Betriebswirtschaftlich hat es keinen Einfluss. Auch wenn die Biodiversität positiv auf unser Image einzahlt, die Maschinen müssen verkauft werden und sie müssen laufen. Dabei hilft uns leider auch kein noch so schöner Insektenvorgarten. Stand heute ist es sogar eher ein Wettbewerbsnachteil, weil man sich um Biodiversität kümmern und Zeit sowie Geld investieren muss. Als kleine Firma haben wir keinen Nachhaltigkeitsbeauftragten, also fällt das in mein Ressort. Nichtsdestotrotz finde ich es wichtig und richtig, die Biodiversität auch als Firma zu fördern, unabhängig von der Unternehmensgröße oder einer Reportingpflicht.

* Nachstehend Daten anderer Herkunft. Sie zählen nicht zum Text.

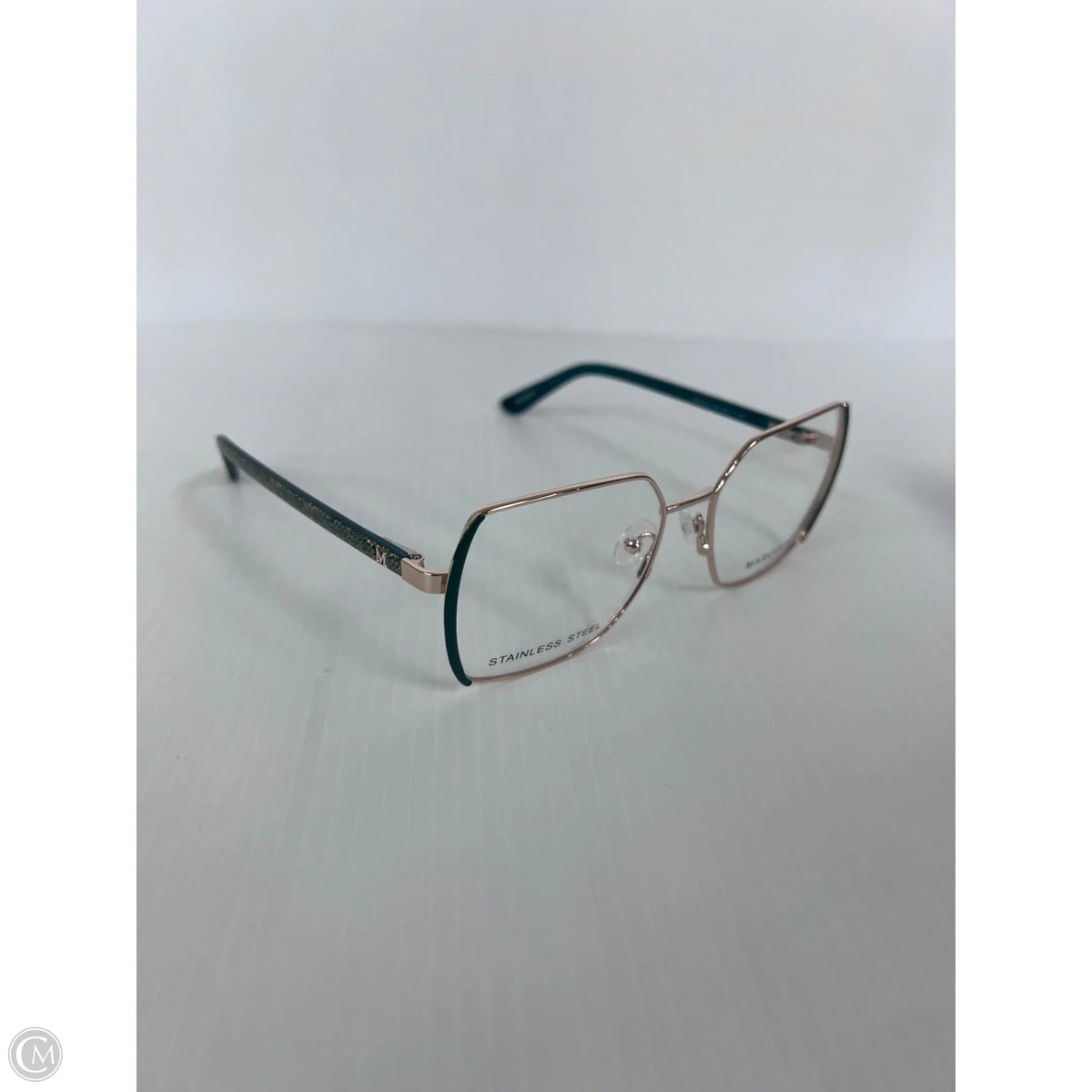 Sunglasses By Guess, Size:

Wie messen oder bewerten Sie die Erfolge Ihrer Maßnahmen?

Wir sind GWÖ zertifiziert und haben somit eine nachvollziehbare Leistung erbracht. Das Problem ist, dass es neben dieser Zertifizierung für Gemeinwohl-Ökonomie viele weitere Zertifizierungen gibt und für Außenstehende oft unklar ist, welche Zertifizierung wofür steht und welche überhaupt miteinander vergleichbar sind. Dadurch sind die Bewertungen von Biodiversitätsbestrebungen momentan noch etwas unübersichtlich.

Was sind die nächsten Projekte?

Ich möchte auf dem gemeinsamen Firmengelände eine Fassaden-Begrünung mit schnell wachsenden Kletterpflanzen initiieren. Diese Pflanzen können einerseits das Gebäude besser verschatten und andererseits Lebensraum für Vögel und Insekten bieten. Dazu stimmen wir uns mit den Klima-Scouts unserer Partnerfirma ab, in deren Gebäude wir uns eingemietet haben. Wir werden mit unseren Biodiversitäts-Maßnahmen also nicht nur weiter in die Fläche, sondern künftig auch in die Höhe gehen.

Welche Rolle wird Biodiversität Ihrer Meinung nach für Firmen künftig spielen?

Biodiversität zu fördern, macht ein Unternehmen als Arbeitgeber attraktiv. Davon bin ich überzeugt. Mit einer solchen Unternehmensstrategie erreicht man vor allem die jüngere Generation. Wir können ihnen sagen, wir sind noch nicht perfekt, aber wir haben einen Ansatz. Somit kann die Biodiversitätsstrategie einer Firma künftig sogar zu einem wettbewerbsentscheidenden Faktor werden. Noch befinden wir uns aber ganz am Anfang dieses Weges.